Discerning no error of law, we need not tarry over the district court’s weighing of the facts. This is a situation in which the initial contacts by customers are necessarily preliminary, the sales process is sophisticated, and the products are custom-tailored. Viewed against this backdrop, the evidence of record is adequate to underpin the lower court’s binary determination that Harnett violated the non-solicitation covenant and that the plaintiff is therefore likely to succeed on the merits.
As no opinion by Judge Selya is complete without an extra helping of erudition, the Court went on:
There is no need for us to wax longiloquent. Solicitation can take many forms, and common usage suggests that the word has a protean quality. See, e.g., The Compact Edition of the Oxford English Dictionary 2911 (1971) (“To entreat or petition (a person) for, or to do, something; to urge, importune; to ask earnestly or persistently.”).
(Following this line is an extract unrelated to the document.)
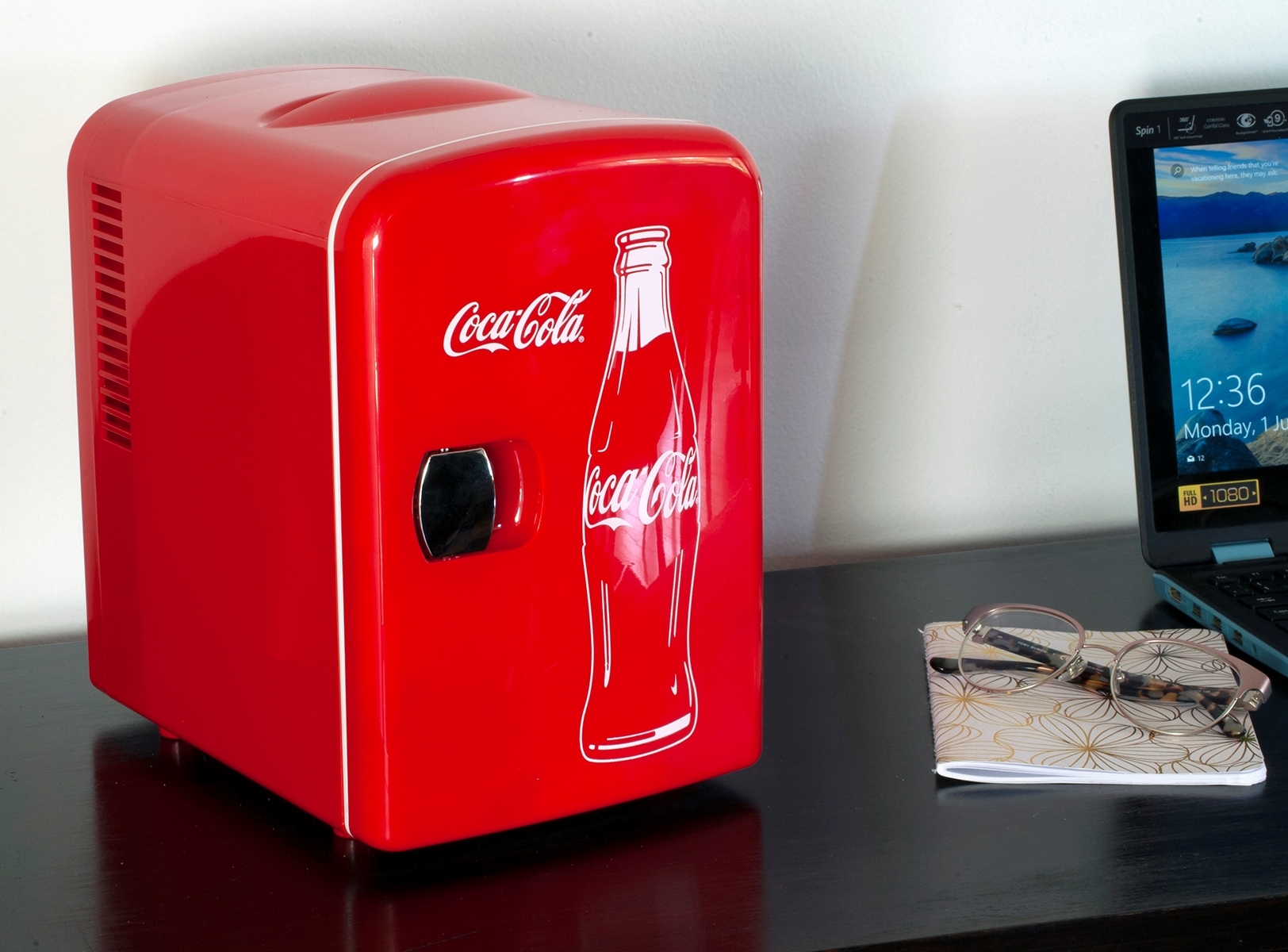 Classic Coca Cola 6 Can Portable Fridge Deals, Coupons & Reviews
Here, moreover, the non-solicitation provision specifically forbids Harnett from “entic[ing] away” customers of CTI.
Harnett’s own words and actions with respect to customers covered by the non-solicitation provision lend considerable credence to the district court’s tentative conclusion that he violated that provision. His calendar, email, and testimony show significant business communications with at least four of his former CTI customers on behalf of OnX. This persistent pattern of pursuing patronage permits a plausible inference that he was urging those customers to do business with OnX rather than CTI (in other words, an inference that he was trying to entice them away)
What is perhaps most interesting about this case is that Harnett’s agreement did not even include a non-acceptance provision, which are oftentimes included in non-solicitation provisions as an additional safeguard against an argument, like that raised by Harnett, that the customers initiated contact.